# Information
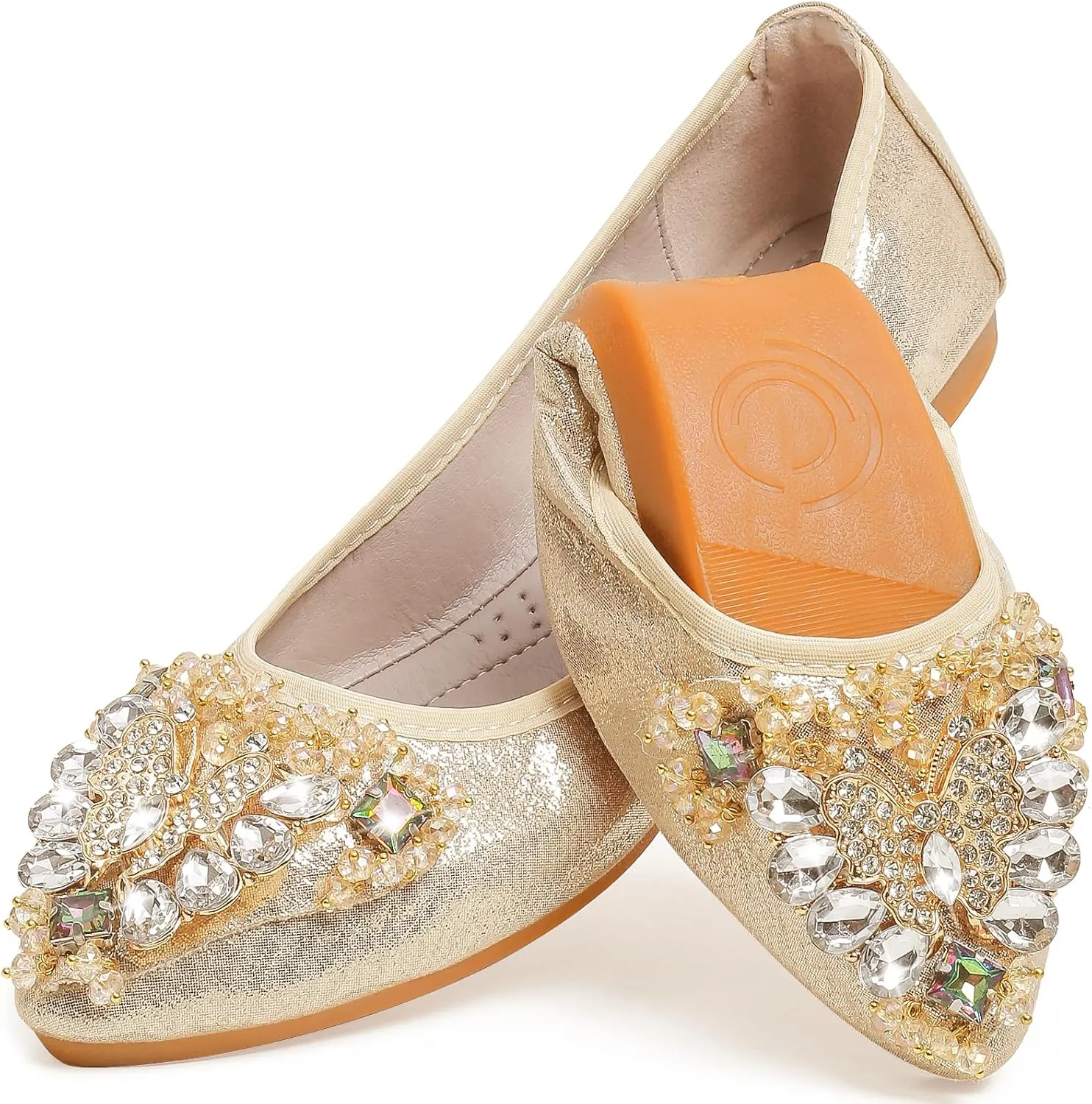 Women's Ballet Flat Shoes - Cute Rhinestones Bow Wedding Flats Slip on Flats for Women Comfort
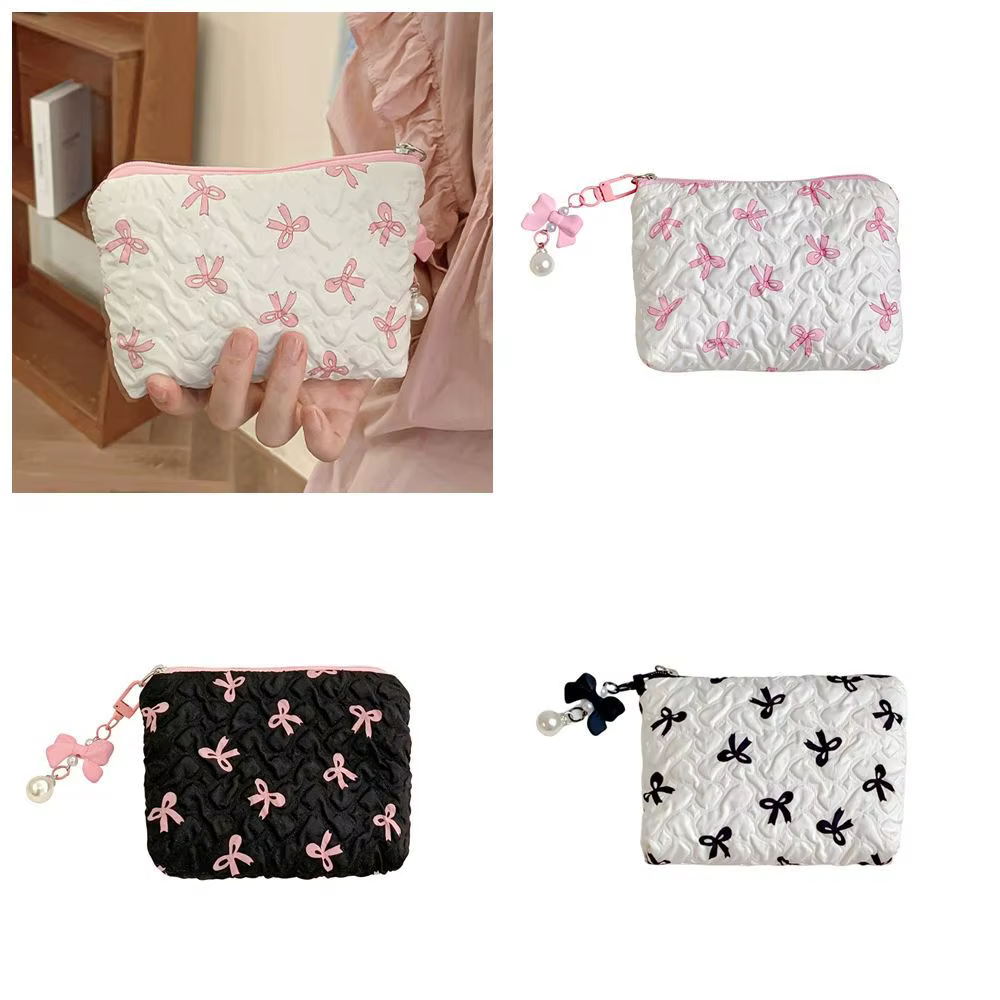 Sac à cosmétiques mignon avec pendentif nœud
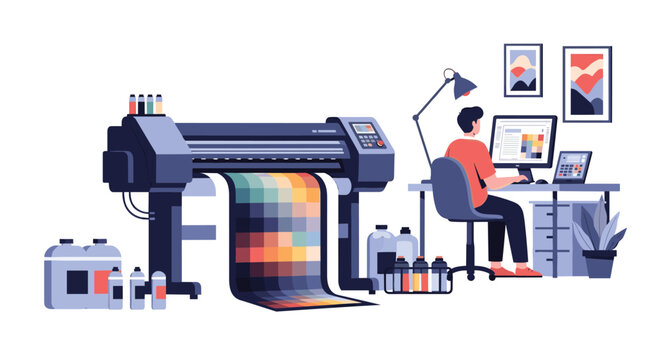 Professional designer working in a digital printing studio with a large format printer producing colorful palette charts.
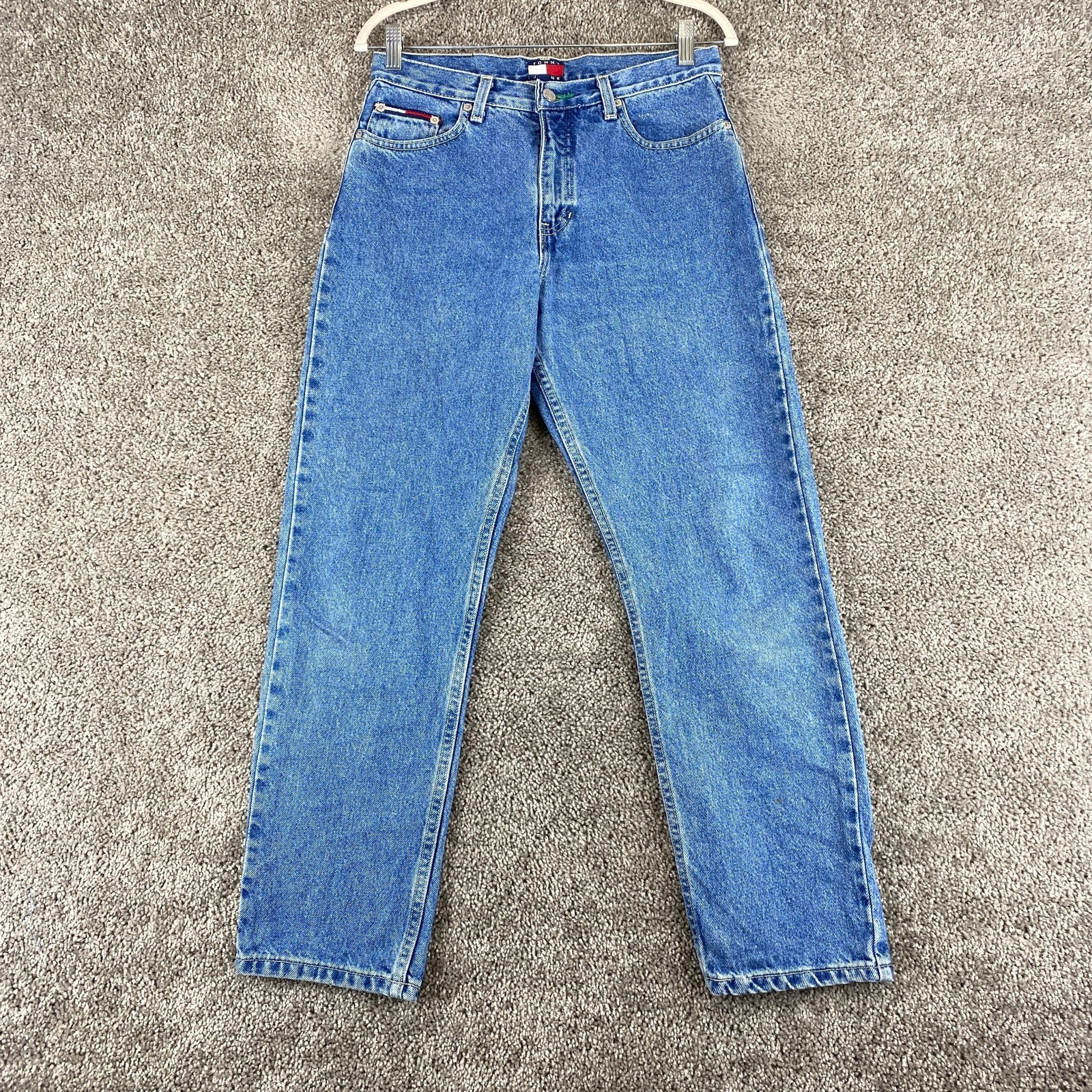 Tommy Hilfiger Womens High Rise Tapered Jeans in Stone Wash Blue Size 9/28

* * *

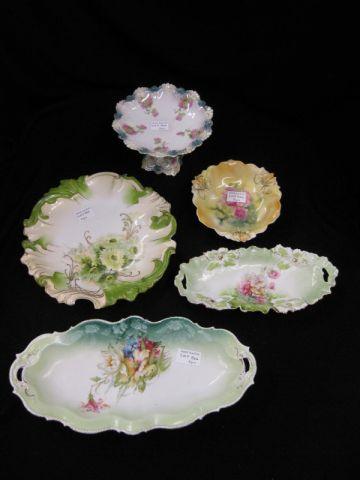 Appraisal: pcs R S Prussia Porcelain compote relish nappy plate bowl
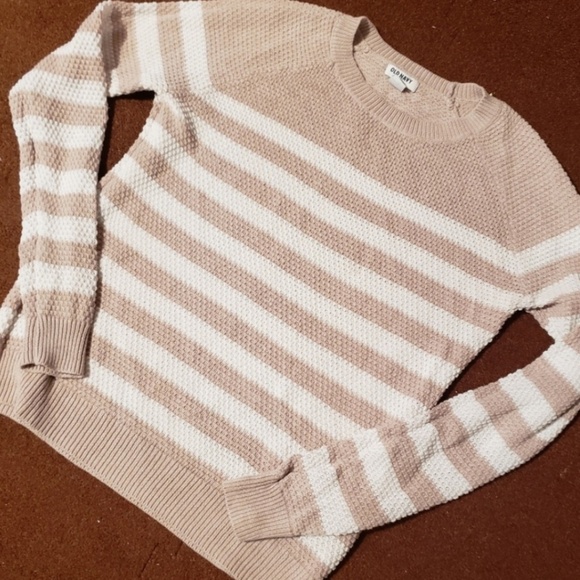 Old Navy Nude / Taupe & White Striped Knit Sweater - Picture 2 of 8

# Exercise objective
Would you give again, exactly, the lines in the data above that run from the line containing "Sac à cosmétiques mignon avec pendentif nœud" to the line containing "Tommy Hilfiger Womens"? Include both ends and no pictures.

# Finished exercise
 Sac à cosmétiques mignon avec pendentif nœud
 Professional designer working in a digital printing studio with a large format printer producing colorful palette charts.
 Tommy Hilfiger Womens High Rise Tapered Jeans in Stone Wash Blue Size 9/28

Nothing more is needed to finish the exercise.